--- Study material ---

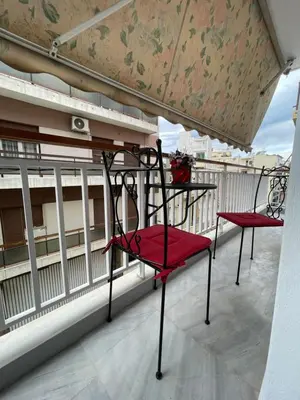 two red chairs sitting on a balcony at Kolonos Comfort Design Flat for Easy City Living in Athens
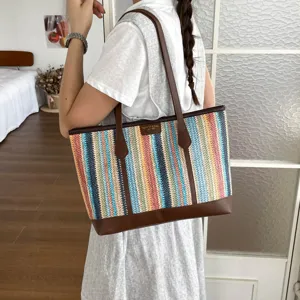 Detailed view of a stylish color-block striped straw beach tote bag with brown leather trim.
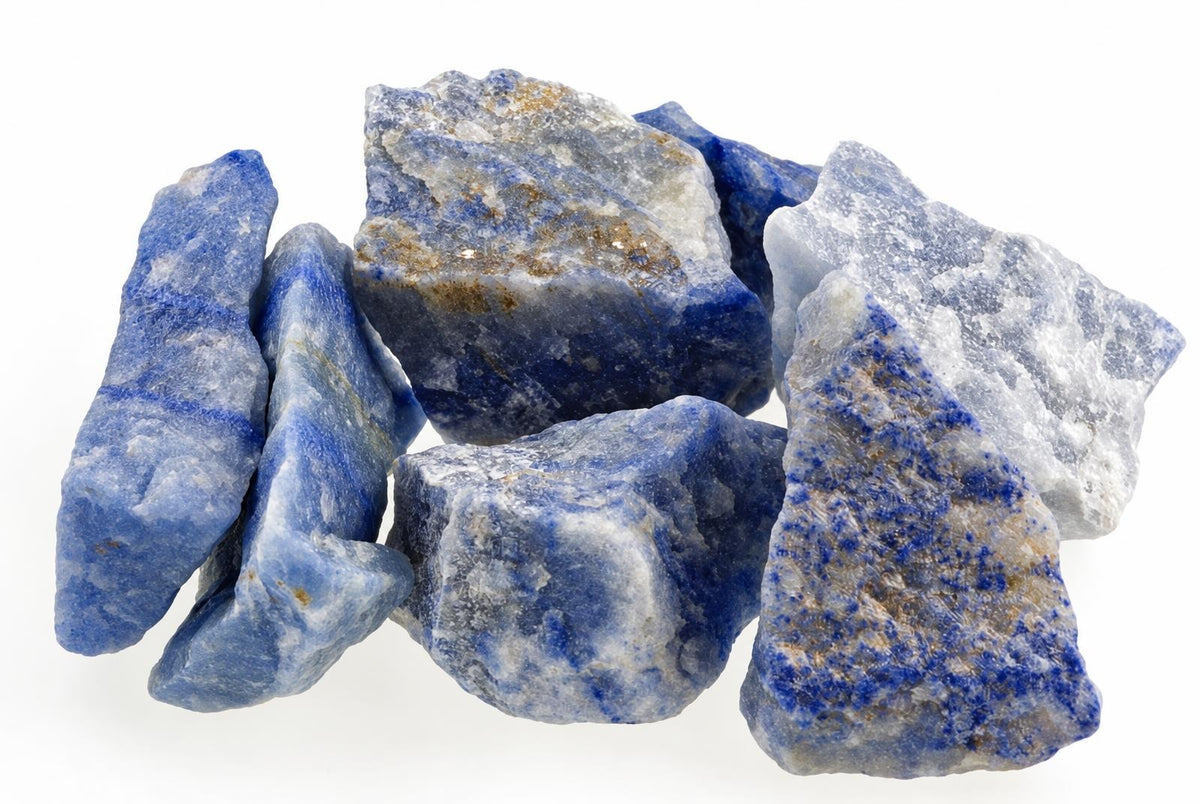 A pile of raw blue quartz stones with white and brown inclusions on a pale surface.
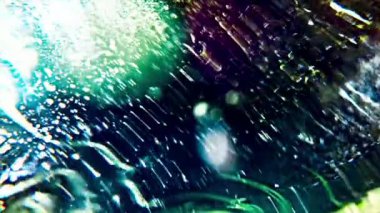 Camdan suyla parçacıkları gösteren soyut canlandırılmış arkaplan.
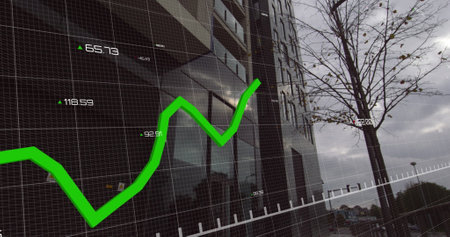 Image of financial data processing with green lines over modern building in the background. Global business finance housing market concept digital composite.の写真素材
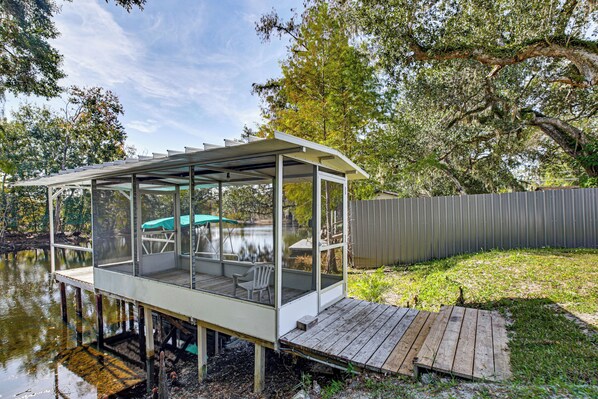 A covered deck with a glass enclosure, a wooden dock, and a grassy area with a fence.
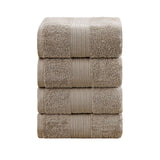 Set of four sandstone 550 GSM ring spun cotton bath towels folded and stacked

---

# [What the task requires]
Output exactly the lines from the one containing "Camdan suyla parçacıkları" through the last line of the records above, both included, leaving out any pictures.

# [Task output]
 Camdan suyla parçacıkları gösteren soyut canlandırılmış arkaplan.
 Image of financial data processing with green lines over modern building in the background. Global business finance housing market concept digital composite.の写真素材
 A covered deck with a glass enclosure, a wooden dock, and a grassy area with a fence.
 Set of four sandstone 550 GSM ring spun cotton bath towels folded and stacked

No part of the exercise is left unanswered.